Fünfzig Minuten später schlenderte Eve in Richtung ihres winzigen Büros auf der Hauptwache der New Yorker Polizei. Sie sah aus wie eine Polizistin - nicht nur wegen des umgehängten Waffenhalfters, der ausgelatschten Stiefel und der verblichenen Jeans, sondern vor allem wegen ihres Blicks, eines Blicks, dem nur selten etwas verborgen blieb. Ihre Augen hatten die Farbe alten Whiskeys und blinzelten nur selten. Ihr Gesicht war kantig, mit vorstehenden Wangenknochen, einem überraschend vollen Mund und einem kleinen Grübchen mitten auf dem Kinn.

Sie hatte einen langgliedrigen, weichen Gang - denn jetzt hatte sie Zeit. Zufrieden mit dem erfolgreichen Abschluss des Verhörs fuhr sie sich mit den Fingern durch die kurz geschnittenen Haare und nahm hinter ihrem Schreibtisch Platz.
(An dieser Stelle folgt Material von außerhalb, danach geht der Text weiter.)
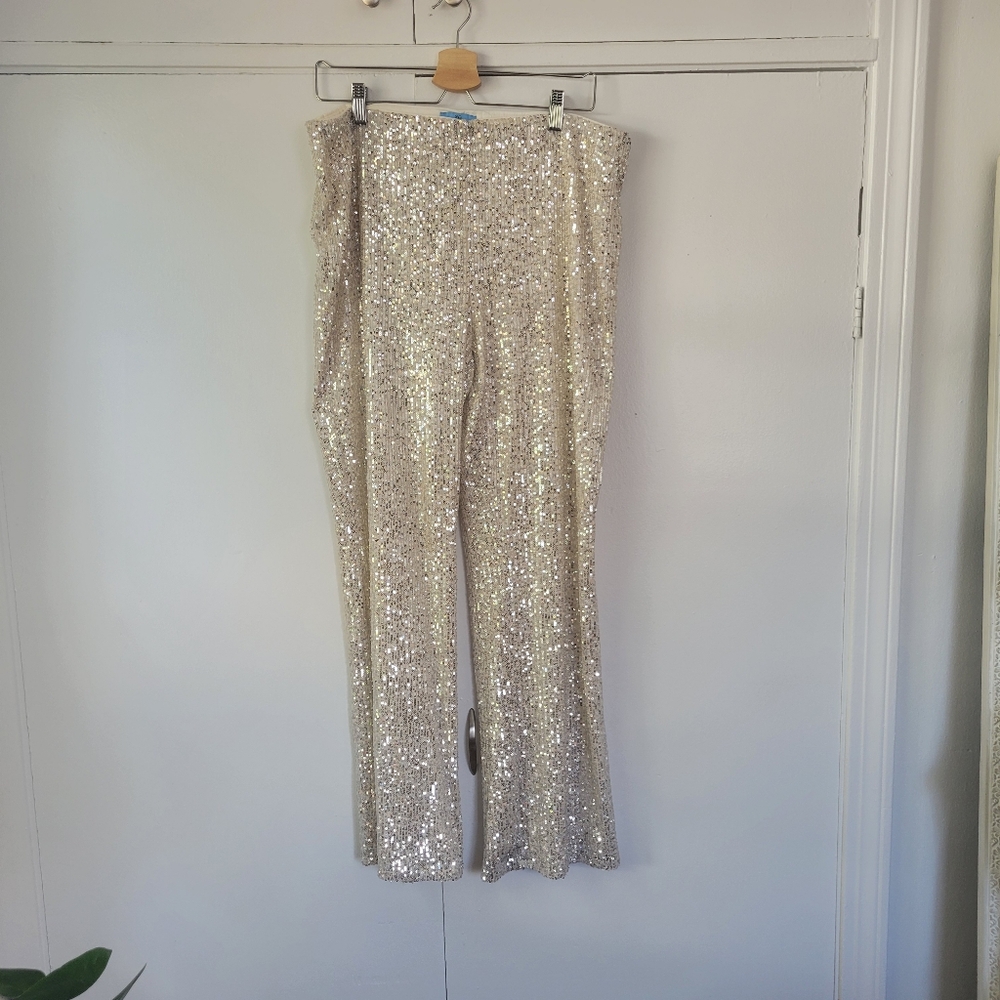 Cece Silver Sequin Pants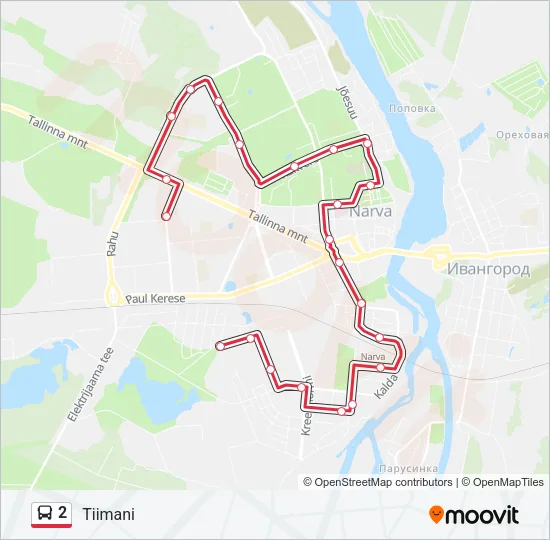 2 Bus Line Map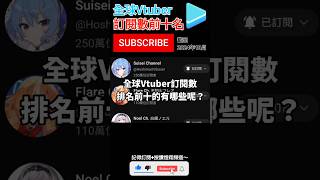 【一分鐘VT情報】全球Vtuber【訂閱數前十名】排行榜盤點！【煜翔】#shorts #vtuber #hololive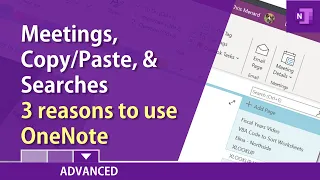 Three reasons to use OneNote - Microsoft's digital note taking app by Chris Menard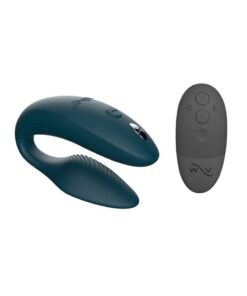 We-Vibe Sync Rechargeable Silicone Couples Vibrator with Remote Control - Green Velvet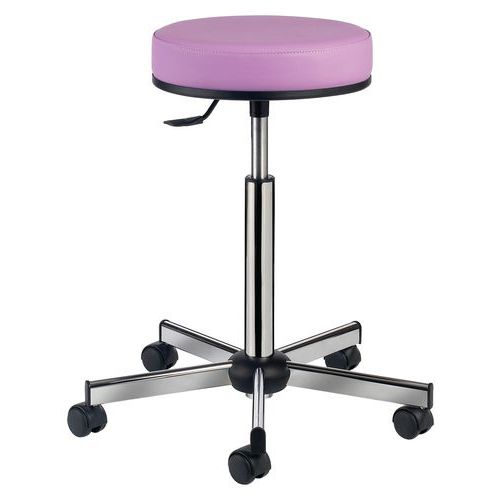 Tabouret Laboratoire sur roulettes assise confort pensée - GGI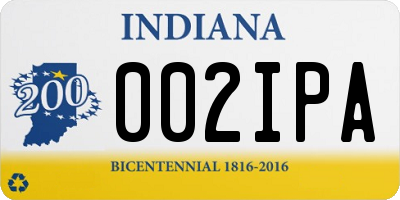 IN license plate 002IPA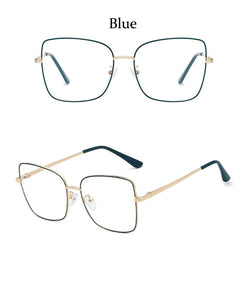 oversized square glasses frame women fashion high quality clear lens New luxury brand Metal Frame Eyeglasses Frames For Women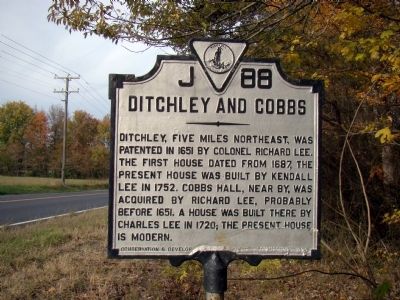 Ditchley and Cobbs Marker. Click for full size. Ditchley and Cobbs Marker image. Click for full size.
Sie würde den Bericht erstellen, Kopien an die zuständigen Stellen schicken und dann endlich Feierabend machen. Es hatte sie noch nie gestört, dass durch das streifige, schmale Fenster hinter ihrem Rücken um diese Zeit des Tages unablässig das Rumpeln der altersschwachen Lufttaxis und das Rattern der Hubschrauber der Verkehrswacht an ihre Ohren drang. Schließlich waren diese Geräusche typisch für New York.

»Computer an«, befahl sie und zischte, als der Bildschirm schwarz blieb. »Verdammt, fang nicht schon wieder damit an. Computer an. Geh endlich an, du Drecksding.«

»Sie müssen Ihre persönliche Zugangsnummer eingeben«, erklärte Peabody, die gerade durch die Tür kam.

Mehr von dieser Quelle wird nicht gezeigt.